Looking for Sherlock Holmes at the Reichenbach Falls

“Any attempt at recovering the bodies was absolutely hopeless, and there, deep down in that dreadful cauldron of swirling water and seething foam, will lie for all time the most dangerous criminal and the foremost champion of the law of their generation.”
The Final Problem – Memoirs of Sherlock Holmes by Sir Arthur Conan Doyle

I admit it – when I first looked at the itinerary for my Swiss Alps trip a frisson of excitement ran through me at the words written on the page of our Day 5 itinerary: “Meiringen and the Reichenbachfall where the final encounter between Sherlock Holmes and his arch enemy Moriarty took place.”
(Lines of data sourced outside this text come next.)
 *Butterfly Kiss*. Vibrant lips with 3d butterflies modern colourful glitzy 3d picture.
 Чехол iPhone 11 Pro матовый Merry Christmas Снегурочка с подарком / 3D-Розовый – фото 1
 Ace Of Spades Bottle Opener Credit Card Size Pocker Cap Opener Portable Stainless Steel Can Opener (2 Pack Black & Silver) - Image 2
I wonder how many people worldwide do not know the name of this obscure mountain stream and waterfall in the Bernese Alps? One thing’s for certain, before The Strand Magazine issue of December 1893, very few people beyond the immediate valleys would have heard the name Reichenbachfall, and fewer would have cared. Today the village of Meiringen is visited by hundreds of thousands of Sherlock Holmes fans from across the globe, every one of them eager to tread in what, for 10 wilderness years, they believed to be their hero’s final footsteps.
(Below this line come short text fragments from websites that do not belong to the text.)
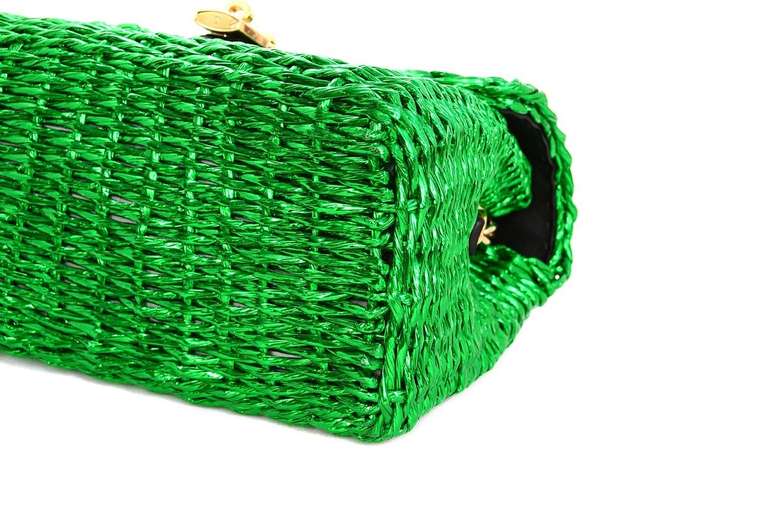 Dolce & Gabbana Metallic Green Woven Raffia Basket Bag Rt. $2, 400 1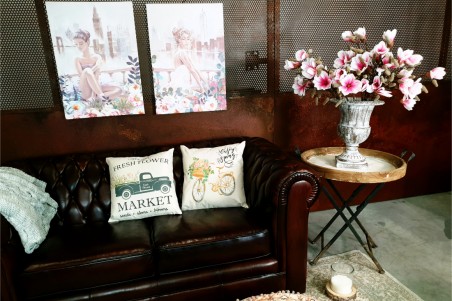 housses de coussins bicyclettes, florales, été, jardins, printemps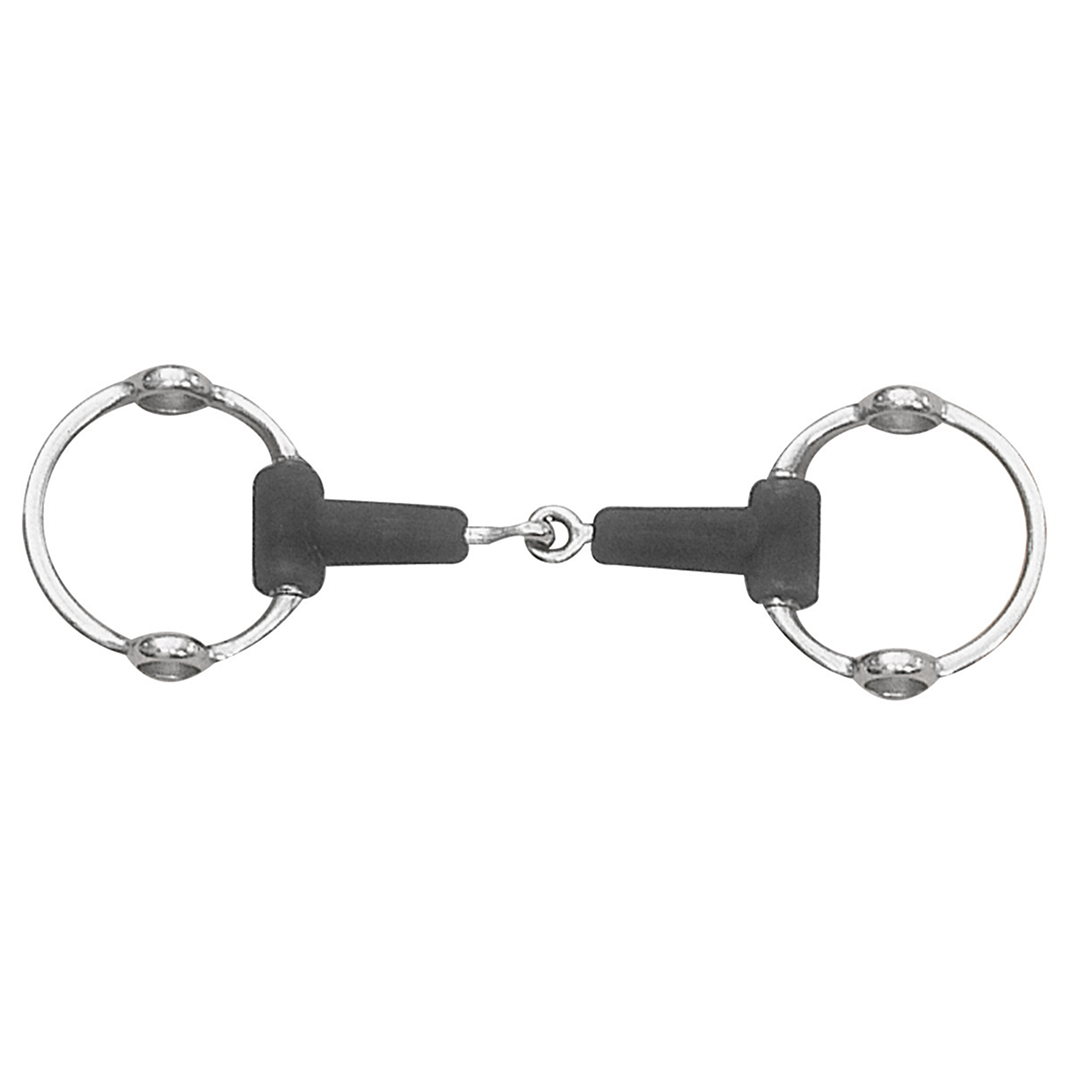 Jointed Rubber Loop Ring Gag Bit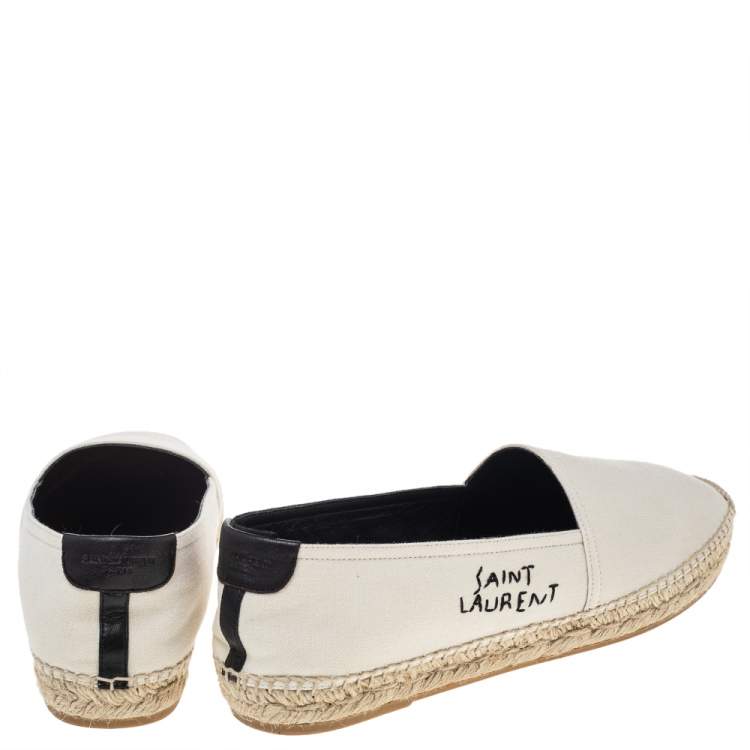Pre Owned Saint Laurent Off White Canvas Espadrille Flats Size 39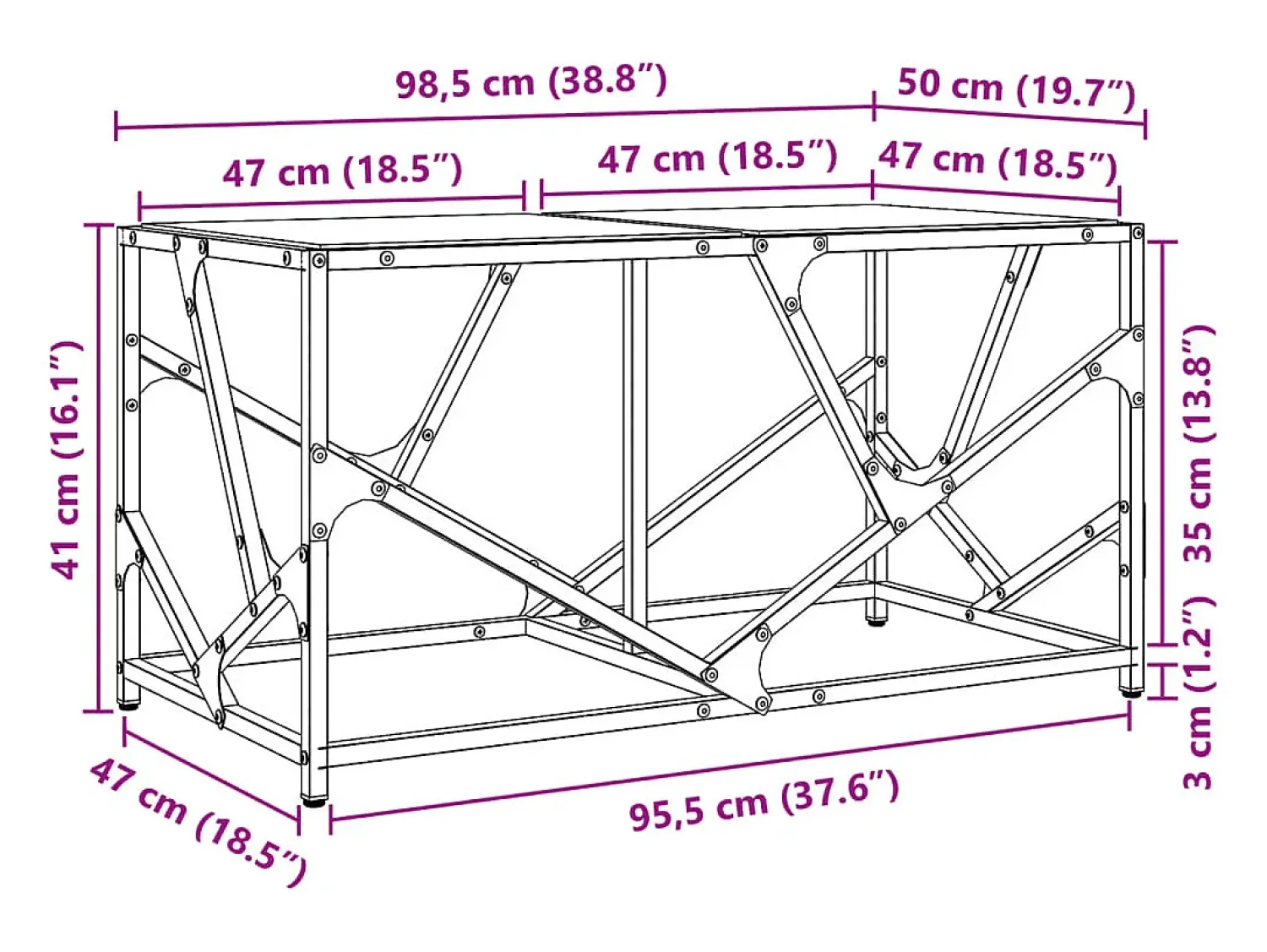 Mesa de centro | Mesa de apoio c/ topo em vidro 98.5x50x41 cm aço^ Mesa De Centro
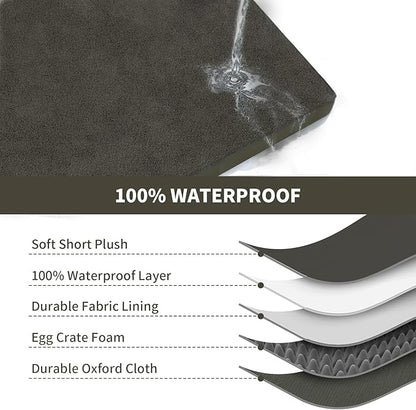 Comfort Dog Bed for Small Dogs & Cats, Waterproof Dog Crate Mat Orthopedic Egg Crate Foam with Washable Removable Cover, Coffee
Meiringen, Bernese Alps, Switzerland

Arriving in Meiringen, the first thing that strikes me is the natural beauty of its location, at the junction of  several Alpine valleys whose glaciers and snow coated peaks surround the town from all sides. At the mercy of the Föhn, a warm, dry wind that blows in from the south and creates the perfect conditions for wildfires, the town is no stranger to being consumed by flames. Just six months after Conan Doyle penned his demise of Holmes, most of the town was destroyed by fire and so very little of what you see today is true to that fateful, final setting. As a result, architecturally there’s little to set the pulse racing, most of the buildings being less than 100 years old.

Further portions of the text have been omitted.